I spoke yesterday with Santa Barbara Film Festival director Roger Durling about In The Valley of Elah (Warner Independent, 9.14), about which he said he was “emotionally moved” and “doing somersaults over it,” and that “it’s going to shake people to the core.” What got me were the comparisons Durling noted between Tommy Lee Jones‘ performance as Hank Deerfield, a grief-wracked ex-military cop with a subdued and taciturn manner, and John Wayne‘s as gruff and blustery Ethan Edwards in John Ford‘s The Searchers.

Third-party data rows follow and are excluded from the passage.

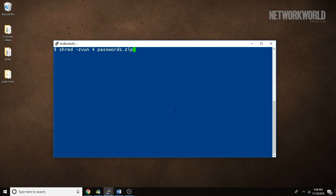The arguments provided here include: "-z" to make a final pass overwriting the file with zeros; "-v" to run the task verbosely so that you can get some feedback while it's running; "-u" to truncate and remove the file after shredding it; and "-n" to specify the number of passes to make while overwriting the file.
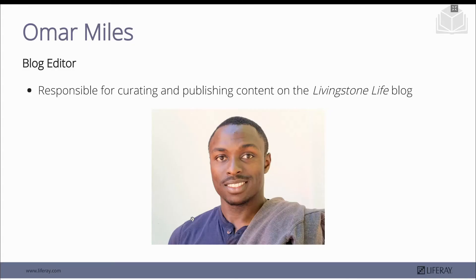The first is Omar Miles. Mr. Miles is our blog editor — he's the one who's been publishing the blog section of Livingston Hotels and Resorts, giving us the most up-to-date info about what's happening there.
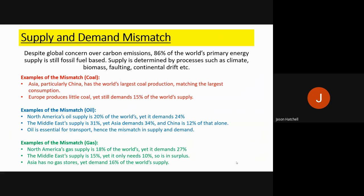For gas, North America's supply is 18% of the world yet it demands 27%, so it needs to import from other regions. The Middle East supplies 15% but only needs 10%, so it has a surplus. Asia has no gas stores yet demands 16% of the world's supply, and therefore the Middle East supplies Asia with its excess gas. That covers the mismatch between supply and demand for coal, oil, and gas.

Tommy Lee Jones in In The Valley of Elah, John Wayne in The Searchers

Neither performance has an emotional geyser moment. Deerfield and Edwards are both about “holding it in” at all costs, and yet both actors allow their characters’ feelings to seep out in just the right way. They’re both old-school tough guys, of course, and are both looking to find a disappeared family member. Jones’ character isn’t a racist like Edwards but he’s got something else eating at him — a notion that if he’d listened to his son a bit more a certain bad thing might not have happened. Wayne was this all-American iconic figure playing a complex man with a dark undercurrent, and Jones is playing a retired straight-arrow career solder who comes to question what in the name of hell has been going on in Iraq — not in a political way but in terms of the human cost.
Different guys, different performances…but clearly sharing all kinds of cross echoes. Both former military men dealing with the question of “how do soldiers who’ve just come out of a conflict fit into society, if at all?”